„Das Geschlecht der Diplomatie“ – Geschlechterrollen in den Außenbeziehungen vom Spätmittelalter bis zur Gegenwart / „The gender of diplomacy“ – Gender roles in foreign relations from the Late Middle Ages to the Present

„Das Geschlecht der Diplomatie“ – Geschlechterrollen in den Außenbeziehungen vom Spätmittelalter bis zur Gegenwart / „The gender of diplomacy“ – Gender roles in foreign relations from the Late Middle Ages to the Present

Veranstalter
Abteilung für Neuere Geschichte, Historisches Institut der Universität Bern
Veranstaltungsort
Historisches Institut
Ort
Bern
Land
Switzerland
Vom - Bis
01.12.2011 - 03.12.2011
Deadline
20.02.2011
Website
Von
Corina Bastian, Bern; Eva Dade, Paris; Hillard von Thiessen, Köln; Christian Windler, Bern

[English version below]

Was Frauen von Männern bei Verhandlungen unterscheide, wurde der deutsche Außenminister Frank-Walter Steinmeier im Januar 2009 gefragt, als er nach Condoleezza Rice mit Hillary Clinton erneut eine weibliche Kollegin im amerikanischen Außenministerium bekam. Die Frage des Journalisten provoziert eine Gegenfrage: Warum soll das Geschlecht bei der Amtsausübung einen signifikanten Unterschied machen?

Beispiele aus allen historischen Epochen zeigen, dass Frauen in Außenbeziehungen als Ausnahmen gesehen oder als solche inszeniert wurden. Diplomatische Tätigkeit war und ist mit Rollenvorstellungen verbunden, die stark durch die Konstruktionen von „männlich“ und „weiblich“ der jeweiligen Epoche und Kultur geprägt sind.
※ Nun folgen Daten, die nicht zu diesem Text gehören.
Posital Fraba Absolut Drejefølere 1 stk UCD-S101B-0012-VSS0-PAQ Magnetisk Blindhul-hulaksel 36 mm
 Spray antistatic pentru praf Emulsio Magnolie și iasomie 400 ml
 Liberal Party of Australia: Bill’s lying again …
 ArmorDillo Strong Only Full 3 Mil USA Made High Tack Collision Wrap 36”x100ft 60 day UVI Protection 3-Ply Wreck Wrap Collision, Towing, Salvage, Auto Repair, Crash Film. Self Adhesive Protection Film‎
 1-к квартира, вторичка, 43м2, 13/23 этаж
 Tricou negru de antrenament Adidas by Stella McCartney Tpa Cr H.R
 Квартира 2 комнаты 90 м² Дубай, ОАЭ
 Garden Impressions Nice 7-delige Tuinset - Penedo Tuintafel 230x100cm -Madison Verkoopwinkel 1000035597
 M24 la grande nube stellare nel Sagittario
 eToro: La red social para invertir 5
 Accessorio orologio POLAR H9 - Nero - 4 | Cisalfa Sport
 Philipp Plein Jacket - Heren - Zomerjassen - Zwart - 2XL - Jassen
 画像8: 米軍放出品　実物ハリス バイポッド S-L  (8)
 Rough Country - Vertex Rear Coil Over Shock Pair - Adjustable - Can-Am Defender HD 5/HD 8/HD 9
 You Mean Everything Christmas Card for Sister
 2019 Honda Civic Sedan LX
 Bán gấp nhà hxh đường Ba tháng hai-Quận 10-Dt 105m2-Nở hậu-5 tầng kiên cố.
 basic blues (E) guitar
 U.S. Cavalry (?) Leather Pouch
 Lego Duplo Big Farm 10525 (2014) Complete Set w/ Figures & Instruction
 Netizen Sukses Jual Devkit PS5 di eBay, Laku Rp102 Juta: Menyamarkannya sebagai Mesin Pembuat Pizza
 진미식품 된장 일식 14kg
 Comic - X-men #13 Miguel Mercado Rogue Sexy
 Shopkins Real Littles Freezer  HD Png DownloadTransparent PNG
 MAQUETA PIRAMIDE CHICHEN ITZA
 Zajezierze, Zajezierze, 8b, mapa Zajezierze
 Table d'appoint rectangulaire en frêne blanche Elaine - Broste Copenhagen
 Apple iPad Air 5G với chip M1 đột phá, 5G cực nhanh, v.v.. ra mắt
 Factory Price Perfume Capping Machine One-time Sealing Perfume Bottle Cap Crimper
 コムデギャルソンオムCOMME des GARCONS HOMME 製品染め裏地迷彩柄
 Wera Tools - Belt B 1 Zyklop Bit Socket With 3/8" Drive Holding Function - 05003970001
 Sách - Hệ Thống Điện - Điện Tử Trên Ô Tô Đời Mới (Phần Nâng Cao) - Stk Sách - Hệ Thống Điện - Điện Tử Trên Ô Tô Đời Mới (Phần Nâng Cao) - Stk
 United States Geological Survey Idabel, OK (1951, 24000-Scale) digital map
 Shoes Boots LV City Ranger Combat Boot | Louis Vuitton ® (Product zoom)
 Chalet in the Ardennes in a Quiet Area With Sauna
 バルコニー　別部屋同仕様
In der Frühen Neuzeit wurde die Ausgrenzung von Frauen aus dem Bereich des Politischen mit deren angeblicher geistiger Inferiorität begründet und die Geschlechterhierarchie mit der natürlichen, gottgegebenen Ordnung gleichgesetzt. Bei adeligen Frauen glich der privilegierte Stand die Diskriminierung aufgrund des Geschlechts teilweise aus – informelle Machtteilhabe war eine Alternative zur Amtsinhabe. Unter den soziopolitischen Bedingungen personaler Herrschaft, die im Ancien Régime Monarchien wie Republiken prägten, bestanden Außenbeziehungen zudem weniger zwischen abstrakten Staatsgebilden, sondern lassen sich zutreffender als Netzwerke konkreter Personen verstehen. Diese bestanden aus Männern und Frauen. Die historische Geschlechterforschung hat darüber hinaus gezeigt, dass weibliche Akteure vor dem Prozess der funktionalen Differenzierung im 18. und 19. Jahrhundert im höfischen Umfeld Einfluss auf viele Bereiche der Politik ausübten. Mit dem so genannten „Strukturwandel der Öffentlichkeit“ (Jürgen Habermas) wird eine sich zu dieser Zeit ausbildende schärfere Trennung der Sphären des Öffentlichen und des Privaten sowie ihre Zuordnung zu den Geschlechtern beschrieben. Außenbeziehungen wurden von nun an stärker als jeder andere Politikbereich männlich konnotiert, was sich insbesondere im Zusammenhang mit der Ausdifferenzierung von Diplomatie als einem spezifischen, zunehmend auch professionalisierten Tätigkeitsfeld zeigt. In der darauf aufbauenden Tradition der Diplomatiegeschichtsschreibung wurde diese Sichtweise verfestigt. In der Folge wurden die Akteure der politischen Außenbeziehungen vornehmlich im formalen Bereich gesucht und in diesem Bereich aktive Frauen zu Ausnahmen stilisiert. Ein erstes Ziel der Tagung ist es daher, sporadisch aufgearbeitete Fallbeispiele zusammenzutragen und gemeinsame Fragestellungen zu entwickeln.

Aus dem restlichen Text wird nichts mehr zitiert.